Cure, prolongation of survival, and symptom management are the main goals of treatment; however, the preservation of function and active life expectancy should also be goals for older patients.24 Active life expectancy is a period of time during which a person remains functionally independent. Loss of functional independency is a significant threat to the quality of life of older individuals.24
Barriers to Treatment
Numerous social factors may preclude cancer treatment in older patients, including accessibility (eg, many older individuals may not be able to negotiate their way alone to a treatment center), difficulty with finances (recipients of Medicare may have to pay unaffordable co-payments for cancer treatment), and inadequate home support. However, it is important to remember that ageism can be a hindrance to the reception of adequate cancer treatment.25
A study conducted by the Cancer and Leukemia Group B (CALGB) demonstrated that the main obstacle to clinical trial participation of older patients with breast cancer was the reluctance of physicians to offer experimental treatment to older individuals.25 Clinical studies of cancer treatment among older patients must account for the factors outlined in this brief review, including a poor understanding of the interaction between tumor and patient, a reduced risk–benefit ratio, the increased risk of treatment complications, the inclusion of active life expectancy among the treatment goals, and the socioeconomic barriers to treatment.

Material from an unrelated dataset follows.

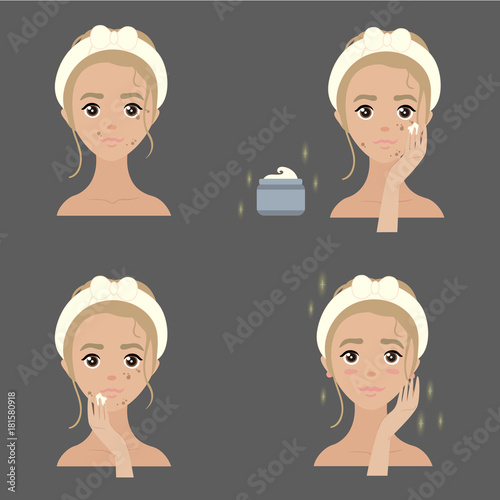 Steps how to apply anti pigmenation facial cream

Clinical Trials in Older Patients With Cancer
Aging may be associated with a number of pharmacological changes that render the study of new drugs in the older population necessary (Table 2).22 Data on drug absorption are wanted, but the bioavailability of oral drugs is expected to decrease with age. Decreased total body water content is associated with a decreased volume of distribution and an increased level of water-soluble drugs in the circulation, which may purportedly increase toxicity. Renal excretion and hepatic metabolism of drugs are universally decreased with age. Although the decline in the glomerular filtration rate may be accounted for by calculating the level of creatinine clearance, a clinical test of hepatic metabolism is still needed. As already mentioned, numerous age-related changes in target organs may be associated with increased hemopoietic, mucosal, cardiac, and neurological toxicities. The question of whether a new agent is effective and safe in both the younger and older patient populations must be addressed in appropriate clinical trials.
Advanced age should never be a criterion to exclude older individuals from participating in clinical trials designed for adults. Rather, as clinicians, we must ask whether certain clinical trials should be exclusively dedicated to older individuals.